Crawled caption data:
——————————

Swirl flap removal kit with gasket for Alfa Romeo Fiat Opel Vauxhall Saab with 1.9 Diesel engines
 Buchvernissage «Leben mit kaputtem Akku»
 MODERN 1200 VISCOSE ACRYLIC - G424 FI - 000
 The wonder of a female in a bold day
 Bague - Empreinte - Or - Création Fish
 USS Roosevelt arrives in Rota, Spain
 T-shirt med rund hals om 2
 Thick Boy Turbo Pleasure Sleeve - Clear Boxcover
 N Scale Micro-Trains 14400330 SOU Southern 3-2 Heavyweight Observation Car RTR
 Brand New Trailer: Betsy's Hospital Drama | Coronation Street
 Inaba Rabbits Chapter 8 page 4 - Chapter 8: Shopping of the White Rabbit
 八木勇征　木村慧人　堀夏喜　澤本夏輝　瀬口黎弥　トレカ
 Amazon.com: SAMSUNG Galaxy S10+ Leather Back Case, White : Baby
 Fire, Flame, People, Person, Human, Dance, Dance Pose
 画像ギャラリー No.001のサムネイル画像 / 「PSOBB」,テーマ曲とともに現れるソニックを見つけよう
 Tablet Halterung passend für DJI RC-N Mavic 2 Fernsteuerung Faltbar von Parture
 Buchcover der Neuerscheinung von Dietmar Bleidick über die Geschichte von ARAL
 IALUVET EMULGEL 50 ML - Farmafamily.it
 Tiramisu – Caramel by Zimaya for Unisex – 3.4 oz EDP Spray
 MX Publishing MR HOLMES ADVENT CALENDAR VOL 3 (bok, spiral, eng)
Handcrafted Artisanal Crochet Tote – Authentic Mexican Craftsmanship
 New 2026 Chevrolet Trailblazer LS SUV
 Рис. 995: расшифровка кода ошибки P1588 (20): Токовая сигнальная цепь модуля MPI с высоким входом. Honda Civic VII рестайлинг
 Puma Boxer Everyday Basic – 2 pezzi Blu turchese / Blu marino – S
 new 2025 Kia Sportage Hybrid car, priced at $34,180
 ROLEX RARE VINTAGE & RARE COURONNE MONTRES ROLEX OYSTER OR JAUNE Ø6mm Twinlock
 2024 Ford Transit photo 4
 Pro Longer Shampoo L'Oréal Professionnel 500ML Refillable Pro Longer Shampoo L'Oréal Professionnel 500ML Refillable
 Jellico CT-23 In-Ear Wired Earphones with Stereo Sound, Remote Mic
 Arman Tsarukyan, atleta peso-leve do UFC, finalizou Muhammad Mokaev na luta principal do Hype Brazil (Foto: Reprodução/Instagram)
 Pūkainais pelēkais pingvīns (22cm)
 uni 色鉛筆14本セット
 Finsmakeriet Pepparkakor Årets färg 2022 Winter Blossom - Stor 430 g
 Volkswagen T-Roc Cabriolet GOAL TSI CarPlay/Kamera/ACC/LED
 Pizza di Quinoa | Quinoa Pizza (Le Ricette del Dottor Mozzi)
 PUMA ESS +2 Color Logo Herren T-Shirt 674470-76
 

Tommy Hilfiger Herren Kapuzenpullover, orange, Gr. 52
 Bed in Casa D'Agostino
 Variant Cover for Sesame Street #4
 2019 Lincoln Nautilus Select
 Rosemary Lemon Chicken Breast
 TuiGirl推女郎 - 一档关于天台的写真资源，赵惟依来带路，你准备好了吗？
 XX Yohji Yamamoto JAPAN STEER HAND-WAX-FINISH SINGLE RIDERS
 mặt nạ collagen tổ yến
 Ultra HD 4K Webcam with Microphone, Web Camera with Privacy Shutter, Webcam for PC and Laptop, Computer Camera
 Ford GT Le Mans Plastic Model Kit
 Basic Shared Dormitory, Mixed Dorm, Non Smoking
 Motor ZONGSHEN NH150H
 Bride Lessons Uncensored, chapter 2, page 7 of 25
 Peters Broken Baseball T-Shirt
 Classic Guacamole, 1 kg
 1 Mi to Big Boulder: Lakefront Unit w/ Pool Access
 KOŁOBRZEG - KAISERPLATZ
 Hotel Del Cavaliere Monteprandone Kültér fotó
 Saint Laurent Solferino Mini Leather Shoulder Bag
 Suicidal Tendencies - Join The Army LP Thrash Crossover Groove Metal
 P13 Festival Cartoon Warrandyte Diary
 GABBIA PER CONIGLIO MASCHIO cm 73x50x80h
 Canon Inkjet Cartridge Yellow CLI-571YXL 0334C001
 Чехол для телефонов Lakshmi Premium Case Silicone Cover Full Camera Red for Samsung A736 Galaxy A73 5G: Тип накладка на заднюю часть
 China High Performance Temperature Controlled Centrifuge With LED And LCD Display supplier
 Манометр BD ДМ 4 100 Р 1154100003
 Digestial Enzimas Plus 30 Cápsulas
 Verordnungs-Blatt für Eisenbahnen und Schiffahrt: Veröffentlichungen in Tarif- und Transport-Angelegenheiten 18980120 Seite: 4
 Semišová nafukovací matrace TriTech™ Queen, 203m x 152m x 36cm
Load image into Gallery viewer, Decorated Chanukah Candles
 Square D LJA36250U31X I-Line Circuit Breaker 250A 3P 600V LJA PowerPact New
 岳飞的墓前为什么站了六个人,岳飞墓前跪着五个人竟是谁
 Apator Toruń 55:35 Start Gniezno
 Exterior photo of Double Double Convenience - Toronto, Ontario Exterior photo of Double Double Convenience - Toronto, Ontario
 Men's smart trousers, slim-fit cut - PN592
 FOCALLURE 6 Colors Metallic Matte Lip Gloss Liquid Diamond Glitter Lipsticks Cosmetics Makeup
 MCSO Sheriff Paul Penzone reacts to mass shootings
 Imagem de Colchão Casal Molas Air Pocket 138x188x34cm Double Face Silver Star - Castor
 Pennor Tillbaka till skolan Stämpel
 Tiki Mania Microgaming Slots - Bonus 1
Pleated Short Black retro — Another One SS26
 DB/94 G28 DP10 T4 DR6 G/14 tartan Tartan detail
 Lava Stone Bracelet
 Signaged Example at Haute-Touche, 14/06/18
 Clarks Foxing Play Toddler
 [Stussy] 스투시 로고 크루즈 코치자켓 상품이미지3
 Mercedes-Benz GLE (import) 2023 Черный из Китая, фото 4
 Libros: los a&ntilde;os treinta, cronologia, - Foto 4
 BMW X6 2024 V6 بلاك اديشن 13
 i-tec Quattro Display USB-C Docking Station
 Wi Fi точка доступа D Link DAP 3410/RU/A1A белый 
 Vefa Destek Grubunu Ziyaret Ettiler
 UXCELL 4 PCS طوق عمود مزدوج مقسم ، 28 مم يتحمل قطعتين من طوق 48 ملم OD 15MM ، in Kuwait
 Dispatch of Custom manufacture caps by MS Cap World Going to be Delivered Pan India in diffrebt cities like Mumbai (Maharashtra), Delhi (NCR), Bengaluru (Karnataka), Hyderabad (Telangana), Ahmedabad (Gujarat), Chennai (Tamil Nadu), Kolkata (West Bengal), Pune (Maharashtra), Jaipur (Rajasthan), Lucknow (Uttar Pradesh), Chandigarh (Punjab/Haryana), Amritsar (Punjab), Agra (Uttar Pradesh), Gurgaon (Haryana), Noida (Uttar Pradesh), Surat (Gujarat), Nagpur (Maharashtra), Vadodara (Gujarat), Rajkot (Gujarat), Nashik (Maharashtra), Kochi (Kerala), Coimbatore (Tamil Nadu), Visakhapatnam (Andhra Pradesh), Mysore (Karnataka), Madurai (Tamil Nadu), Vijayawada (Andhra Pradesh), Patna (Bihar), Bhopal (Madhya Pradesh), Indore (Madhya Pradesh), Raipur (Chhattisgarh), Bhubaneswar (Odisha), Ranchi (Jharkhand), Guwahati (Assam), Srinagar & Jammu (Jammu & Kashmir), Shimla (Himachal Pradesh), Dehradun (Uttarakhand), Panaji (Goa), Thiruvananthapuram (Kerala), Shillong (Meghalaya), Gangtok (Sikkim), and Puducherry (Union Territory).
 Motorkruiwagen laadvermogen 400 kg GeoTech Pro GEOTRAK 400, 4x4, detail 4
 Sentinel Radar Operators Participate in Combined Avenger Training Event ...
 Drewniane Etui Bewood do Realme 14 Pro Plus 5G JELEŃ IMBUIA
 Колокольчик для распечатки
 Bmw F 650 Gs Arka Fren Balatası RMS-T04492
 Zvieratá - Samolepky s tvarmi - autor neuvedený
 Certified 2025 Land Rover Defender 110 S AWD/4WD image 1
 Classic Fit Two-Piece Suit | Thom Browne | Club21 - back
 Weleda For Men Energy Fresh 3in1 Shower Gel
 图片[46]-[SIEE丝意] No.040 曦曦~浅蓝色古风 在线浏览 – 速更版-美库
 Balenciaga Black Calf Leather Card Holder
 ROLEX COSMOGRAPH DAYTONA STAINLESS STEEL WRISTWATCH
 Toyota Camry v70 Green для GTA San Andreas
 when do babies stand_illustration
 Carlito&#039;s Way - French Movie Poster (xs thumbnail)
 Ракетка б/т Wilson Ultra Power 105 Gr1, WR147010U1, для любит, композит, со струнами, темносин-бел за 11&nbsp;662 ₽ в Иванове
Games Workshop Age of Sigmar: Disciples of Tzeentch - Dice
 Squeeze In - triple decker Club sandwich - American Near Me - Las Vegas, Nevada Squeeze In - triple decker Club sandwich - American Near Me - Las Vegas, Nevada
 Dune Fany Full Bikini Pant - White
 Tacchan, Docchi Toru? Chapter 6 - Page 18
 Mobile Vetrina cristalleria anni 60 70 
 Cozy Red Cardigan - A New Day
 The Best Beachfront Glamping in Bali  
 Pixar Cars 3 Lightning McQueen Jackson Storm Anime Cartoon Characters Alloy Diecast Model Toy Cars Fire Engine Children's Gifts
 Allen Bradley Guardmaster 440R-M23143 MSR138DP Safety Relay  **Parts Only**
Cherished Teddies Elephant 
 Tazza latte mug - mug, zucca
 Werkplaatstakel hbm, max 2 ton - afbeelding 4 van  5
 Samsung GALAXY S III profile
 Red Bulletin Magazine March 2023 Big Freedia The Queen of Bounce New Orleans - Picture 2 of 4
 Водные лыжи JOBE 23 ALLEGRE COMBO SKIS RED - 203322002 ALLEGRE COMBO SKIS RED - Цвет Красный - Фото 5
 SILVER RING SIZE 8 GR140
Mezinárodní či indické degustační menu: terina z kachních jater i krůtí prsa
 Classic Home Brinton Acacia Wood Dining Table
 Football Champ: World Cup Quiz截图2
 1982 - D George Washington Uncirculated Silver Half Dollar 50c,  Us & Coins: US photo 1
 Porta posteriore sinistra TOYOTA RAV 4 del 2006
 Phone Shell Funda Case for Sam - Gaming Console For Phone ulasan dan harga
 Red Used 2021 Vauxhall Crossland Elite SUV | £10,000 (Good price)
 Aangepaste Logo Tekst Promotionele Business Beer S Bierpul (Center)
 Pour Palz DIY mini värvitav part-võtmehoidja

——————————

● WORK INSTRUCTIONS:
Working from the data above, extract solely the lines from the one containing "Pizza di Quinoa" through the one containing "Rosemary Lemon Chicken Breast", exactly as they appear, both included.

● RESPONSE FOR THIS EXERCISE:
 Pizza di Quinoa | Quinoa Pizza (Le Ricette del Dottor Mozzi)
 PUMA ESS +2 Color Logo Herren T-Shirt 674470-76
 

Tommy Hilfiger Herren Kapuzenpullover, orange, Gr. 52
 Bed in Casa D'Agostino
 Variant Cover for Sesame Street #4
 2019 Lincoln Nautilus Select
 Rosemary Lemon Chicken Breast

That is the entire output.